FIG. 1 is a block diagram showing an electrical configuration of a signal input circuit according to an embodiment of the present invention.

FIG. 2 is a circuit diagram showing a specific configuration of a pre-emphasis circuit 21 in the signal input circuit.

FIG. 3 is a graph showing frequency characteristics of the pre-emphasis circuit 21.

FIG. 4 is a circuit diagram showing a specific configuration of a limiter circuit 22 in the signal input circuit.

5 is a graph showing input / output characteristics of the limiter circuit 22. FIG.

FIG. 6 is an air circuit diagram showing a specific configuration of an LPF 23 in the signal input circuit.

FIG. 7 is a graph showing frequency characteristics of the LPF 23.

FIG. 8 is a waveform diagram for explaining the operation of the signal input circuit.

FIG. 9 is a diagram showing a frequency spectrum for explaining the operation of the signal input circuit.

FIG. 10 is a waveform diagram for explaining the operation of 1-bit analog / digital conversion.

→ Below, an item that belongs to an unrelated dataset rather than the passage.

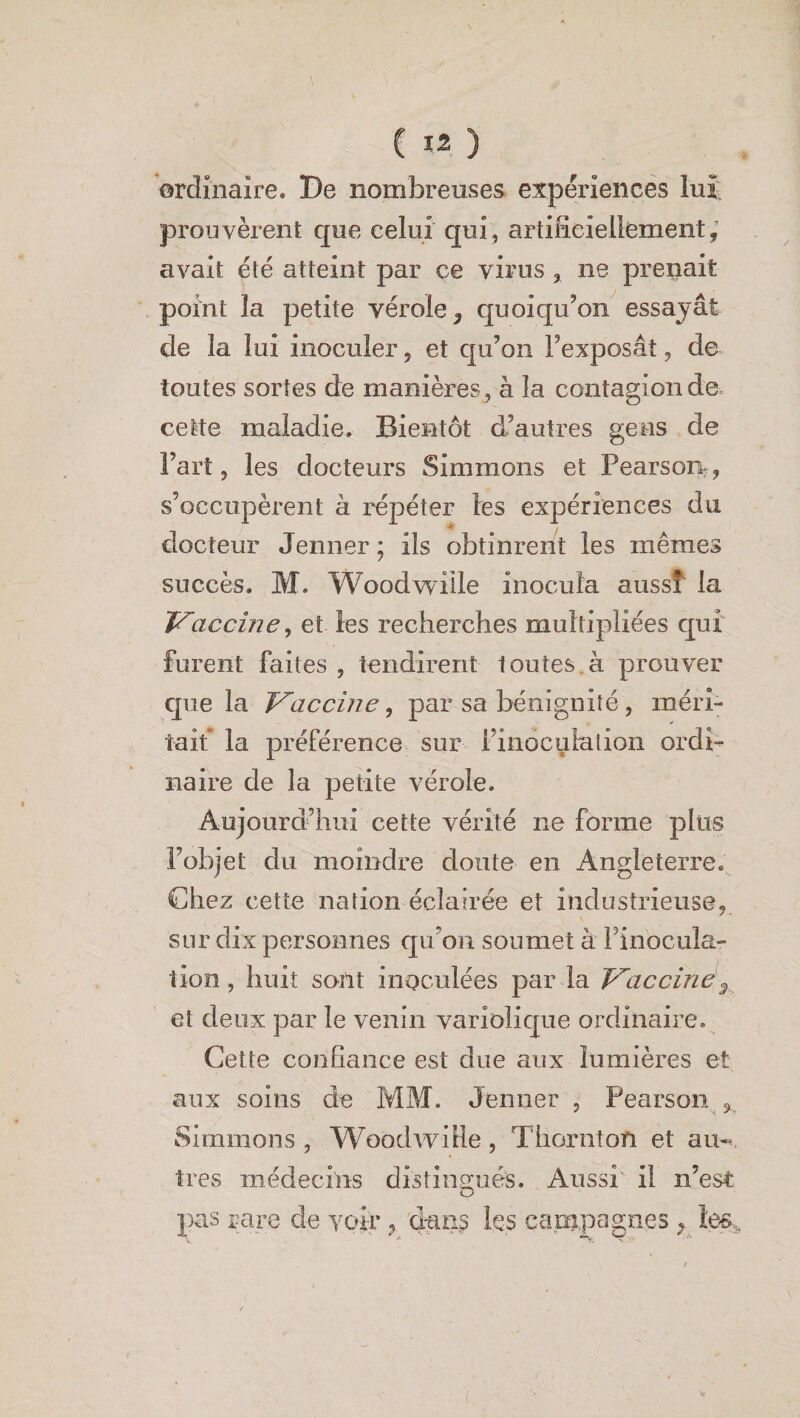 ordinaire. De nombreuses expériences lui prouvèrent que celui qui, artificiellement, avait été atteint par ce virus 3 ne prenait point la petite vérole, quoiqu'on essayât de la lui inoculer, et qu’on l’exposât, de toutes sortes de manières , à la contagion de, cette maladie. Bientôt d’autres gens de Fart, les docteurs Simmons et Pearson , s’occupèrent à répéter les expériences du docteur Jenner; ils obtinrent les mêmes succès. M. Woodwille inocula aussi la Vaccine, et les recherches multipliées qui furent faites , tendirent toutes à prouver que la Vaccine, par sa bénignité, méri¬ tait la préférence sur l’inoculation ordi¬ naire de la petite vérole. Aujourd’hui cette vérité ne forme plus l’objet du moindre doute en Angleterre. Chez cette nation éclairée et industrieuse, sur dix personnes qu’on soumet à Finocula- tion, huit sont inoculées par la Vaccinéy et deux par le venin variolique ordinaire. Cette confiance est due aux lumières et aux soins de MM. Jenner , Pearson 3 Simmons , Woodwille, Thorntoïï et au¬ tres médecins distingués. Aussi il n’est pas rare de voir , dan? les eapipagn.es tes..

FIG. 11 is a graph showing a frequency spectrum after a conversion operation of a predetermined input signal in a normal operation of the 1-bit analog / digital converter.

FIG. 12 D with typical prior art input signal processing
It is a block diagram which shows the electric constitution of AT.

FIG. 13 is a diagram showing converted data for explaining an oscillating operation due to an excessive input of the 1-bit analog / digital converter.

FIG. 14 is a graph showing a frequency spectrum after the conversion operation at the time of oscillation as shown in FIG. 13 with respect to the input signal of the predetermined frequency of the 1-bit analog / digital converter.

FIG. 15 is a waveform diagram for explaining an input signal processing operation in the conventional DAT.

[Explanation of symbols]

 11 signal input circuit 12 1-bit signal recording / reproducing device 14 analog / digital converter 15 interface circuit 16 deck 17 interface circuit 18 digital / analog converter 19 de-emphasis circuit 21 pre-emphasis circuit 22 limiter circuit 23 low-pass filter

Claims (3)

[Claims] 1. A signal input circuit for an analog / digital converter for converting an analog input signal into a 1-bit digital signal, wherein the analog input signal is enhanced as it goes to a high frequency side of a frequency band to be converted. An emphasis circuit, a limiter circuit for limiting the output of the pre-emphasis circuit within a predetermined crest limit value, a low-pass filter for filtering a component of the output of the limiter circuit below the frequency band to be converted, the analog A signal input circuit for a 1-bit analog / digital converter, wherein a sampling frequency of the / digital converter is relatively low with respect to the frequency band to be converted. 2. The 1-bit analog / digital converter according to claim 1, wherein the wave height limit value is selected to be slightly lower than an oscillation limit value of an analog input signal to the analog / digital converter. Signal input circuit. 3. The peak value of the analog input signal to be input to the pre-emphasis circuit is less than the oscillation limit value of the analog input signal to the analog / digital converter. A signal input circuit for the 1-bit analog / digital converter described.